Пошел дождь, сперва просто, но через несколько минут по крыше заколотило так, что мы с трудом слышали собственные мысли. Отец запрокинул голову и смотрел вверх, как будто бы поток был ему виден сквозь потолок, перекрытия и шиферную крышу и он надеялся, что капли упадут ему на лоб. Во всяком случае, он закрыл глаза, нам обоим было бы неплохо охолонуться, чтобы окатили лицо холодной водой. Верно, он подумал о том же, потому что встал из-за стола и сказал:

— А ты не хочешь душ принять?

— Я не против, — сказал я. И мы вдруг ужасно заторопились, заметались, стали срывать с себя одежду, швыряя ее куда ни попадя, а отец подбежал к рукомойнику и окунул мыло в воду. Выглядел он так же чудно, как и я: мускулистый, черный от загара от макушки до пупка и кипенно-белый от пупка до пят, и он стал намыливаться, попадая мылом во все впадины по всему телу, куда только мог, пока наконец не покрылся холмами мыльной пены и не бросил мыло мне, я как мог проворно намылился тоже.

— Давай кто быстрей! — закричал он и кинулся к двери. А я стал обводить его, как игрок в американском футболе, я хотел сбить его с курса и вывести из равновесия, он попробовал схватить меня за плечо, но оно было таким скользким от мыла, что он не удержал, расхохотался и крикнул: — Сопля чертова! — хотя был конфирмован тоже, и мы одновременно очутились у двери и стали вместе протискиваться в узкий проем, в надежде вывалиться наружу первым, прижавшись тесно-тесно, а потом встали на крыльце под крышей и стали смотреть на дождь, плясавший на земле вокруг нас. Зрелище было чарующее и пугающее одновременно, некоторое время мы просто стояли и глазели. А потом отец сделал театрально глубокий и громкий вдох, крикнул: — Сейчас или никогда! — выбежал на середину двора и стал плясать в чем мать родила, раскинув в сторону руки, а дождь лупил его по плечам.

Я кинулся следом под проливной дождь, стал рядом с ним и начал плясать, и прыгать, и орать песни, «Норвегия в сине-бело-красном», и тогда он тоже запел, и в две секунды дождь смыл с нас все мыло и тепло заодно, кожа лоснилась и блестела, как будто мы были двумя морскими котиками, вероятно, такими же холодными на ощупь.

— Я мерзну, — закричал я.

— И я! — крикнул он в ответ, — но давай еще немного!

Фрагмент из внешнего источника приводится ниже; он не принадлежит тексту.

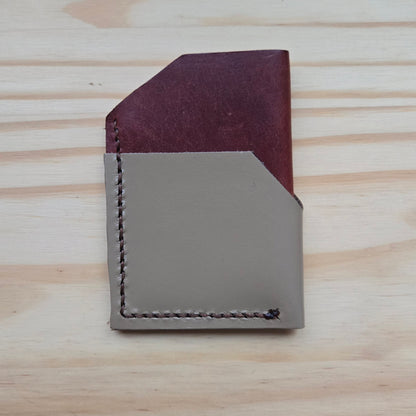 Taupe and Red Bicolor Wrap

— Идет! — ответил я и стал барабанить ладонями по пузу и ляжкам, пытаясь разогреть онемевшее тело, но тут мне вступило в голову, что надо встать на руки, я был тогда мастак на это, и я снова крикнул: — Делай как я! — нагнулся и встал в стойку на руках, и отцу пришлось сделать то же. И вот мы ходим на руках в мокрой траве, а дождь хлещет по заднице, это чудовищно холодно и дико, поэтому я очень быстро снова встал на ноги, но, думаю, сроду не бывало людей с задницами более чистыми, чем наши, когда мы бегом ворвались в избушку и стали растираться большими шершавыми полотенцами, пытаясь вернуть коже чувствительность и тепло, и отец наклонил голову набок, посмотрел на меня и сказал:

— Да ты стал взрослым.

— Не совсем, — ответил я, помня, что вокруг происходят вещи, мне непонятные, но в которых взрослые разбираются, хотя недалек тот час, когда и мне это станет по зубам.

— Ну, может, и не совсем, — сказал он.

Он провел пятерней по мокрым волосам, завернул на поясе полотенце и так подошел к чугунной печке, отодрал кусок старой газеты, скомкал ее, сунул в печку, запихал туда же три полена и зажег. Потом закрыл дверцу, но оставил открытой нижнюю заслонку, чтобы была тяга, старое пересохшее дерево занялось в секунду. Отец стоял у самой печки, подняв руки, прислонившись к черному боку печки, чтобы первый жар согрел ему живот и грудь. Я остался стоять на прежнем месте, смотрел оттуда на его спину и чувствовал, что он хочет поговорить. Я хорошо его знал, своего отца.

— Того, что случилось сегодня, — сказал он, по-прежнему стоя спиной, — легко можно было избежать. То, что мы устроили, не могло не кончиться плохо. Мне надо было прекратить эти игрища вовремя. Я мог это сделать, а он нет. Понимаешь? Мы взрослые люди. И это моя вина.